● **Task prompt**: When you reach the line containing "Such was the" in the entries below, please begin setting down lines exactly, stop only after the last one, and add nothing else.

(Stored data)
......

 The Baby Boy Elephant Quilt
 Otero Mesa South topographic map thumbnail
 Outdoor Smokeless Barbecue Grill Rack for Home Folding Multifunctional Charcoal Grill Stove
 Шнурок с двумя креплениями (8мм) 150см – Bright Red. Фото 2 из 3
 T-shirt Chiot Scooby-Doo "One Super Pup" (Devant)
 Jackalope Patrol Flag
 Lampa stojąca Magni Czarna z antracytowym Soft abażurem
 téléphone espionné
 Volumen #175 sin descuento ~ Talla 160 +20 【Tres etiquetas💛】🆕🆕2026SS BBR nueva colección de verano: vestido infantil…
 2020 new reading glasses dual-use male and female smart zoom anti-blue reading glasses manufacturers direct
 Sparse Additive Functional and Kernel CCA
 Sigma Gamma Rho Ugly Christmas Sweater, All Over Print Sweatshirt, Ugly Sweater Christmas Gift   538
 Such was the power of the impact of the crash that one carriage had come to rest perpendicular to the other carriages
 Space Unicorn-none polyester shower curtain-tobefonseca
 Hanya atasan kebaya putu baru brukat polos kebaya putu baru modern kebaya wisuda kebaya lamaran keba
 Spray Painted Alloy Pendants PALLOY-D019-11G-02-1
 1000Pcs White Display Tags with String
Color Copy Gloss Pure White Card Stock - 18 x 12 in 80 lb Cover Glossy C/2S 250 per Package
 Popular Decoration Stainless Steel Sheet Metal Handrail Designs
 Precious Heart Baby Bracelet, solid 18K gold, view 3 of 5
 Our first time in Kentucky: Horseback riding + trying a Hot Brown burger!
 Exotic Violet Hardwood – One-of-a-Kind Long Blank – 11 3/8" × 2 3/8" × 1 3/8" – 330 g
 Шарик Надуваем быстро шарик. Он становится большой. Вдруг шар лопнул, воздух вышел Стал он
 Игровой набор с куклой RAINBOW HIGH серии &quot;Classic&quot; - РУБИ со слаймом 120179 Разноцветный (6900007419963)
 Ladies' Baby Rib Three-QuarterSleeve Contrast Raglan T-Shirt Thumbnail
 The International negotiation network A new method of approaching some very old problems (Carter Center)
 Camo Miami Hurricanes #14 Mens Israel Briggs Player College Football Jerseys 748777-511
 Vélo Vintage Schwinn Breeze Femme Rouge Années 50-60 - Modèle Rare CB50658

......

● **Exercise answer**:
 Such was the power of the impact of the crash that one carriage had come to rest perpendicular to the other carriages
 Space Unicorn-none polyester shower curtain-tobefonseca
 Hanya atasan kebaya putu baru brukat polos kebaya putu baru modern kebaya wisuda kebaya lamaran keba
 Spray Painted Alloy Pendants PALLOY-D019-11G-02-1
 1000Pcs White Display Tags with String
Color Copy Gloss Pure White Card Stock - 18 x 12 in 80 lb Cover Glossy C/2S 250 per Package
 Popular Decoration Stainless Steel Sheet Metal Handrail Designs
 Precious Heart Baby Bracelet, solid 18K gold, view 3 of 5
 Our first time in Kentucky: Horseback riding + trying a Hot Brown burger!
 Exotic Violet Hardwood – One-of-a-Kind Long Blank – 11 3/8" × 2 3/8" × 1 3/8" – 330 g
 Шарик Надуваем быстро шарик. Он становится большой. Вдруг шар лопнул, воздух вышел Стал он
 Игровой набор с куклой RAINBOW HIGH серии &quot;Classic&quot; - РУБИ со слаймом 120179 Разноцветный (6900007419963)
 Ladies' Baby Rib Three-QuarterSleeve Contrast Raglan T-Shirt Thumbnail
 The International negotiation network A new method of approaching some very old problems (Carter Center)
 Camo Miami Hurricanes #14 Mens Israel Briggs Player College Football Jerseys 748777-511
 Vélo Vintage Schwinn Breeze Femme Rouge Années 50-60 - Modèle Rare CB50658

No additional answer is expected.